This very brief piece was originally an e-mail I sent to my friend
Ivan Deutsch, who had sent me a very interesting article by Paul
Berman, entitled "The Philosopher of Islamic Terror," which ran in
Sunday New York Times of 2003 March 23. This e-mail was my brief
response to that article
Very interesting article indeed. The message is somehow contained in the idea that the current conflict represents the Crusaders vs. Islam. The West has gotten past the Crusades. Part of the Islamic world hasn't. They're still living back there in the 11th and 12th centuries, dreaming of returning to the world of that time.
We need to understand that the problem is Islam itself, not all of it, of course, but the fundamentalist part that lives in the distant past, that never went through something like the Enlightenment.
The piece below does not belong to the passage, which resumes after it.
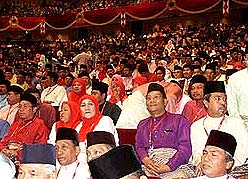 umno delegates in assembly hall 03 180904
We need to understand that religion has been perhaps the biggest negative force in history (there are some positives there, too, of course, and I wouldn't want to try to make a balance sheet); religious conflict has killed as many people as anything. We need to understand that religion has been negative when some religion insisted on having the exclusive road to God and truth and on the right to force others to acknowledge that. We need to understand that it is unacceptable for any religion to insist on having the exclusive road to truth.
If we've accomplished anything in America, it is to demonstrate that religion prospers best where no religion is allowed to impose its will. We haven't gotten to the point where every religious persuasion acknowledges the legitimacy of all the others, and we should be trying to move in that direction, but we have, for over two centuries, shown how good it is when every religion is required to allow all other religions to do as they please, free of coercion from the state or anyone else. The West has now adopted this principle, and we Americans are the ones who showed how to do it. Much of the Islamic world is stuck way back in the past, dreaming of theocracies, and this makes it both tragic and dangerous.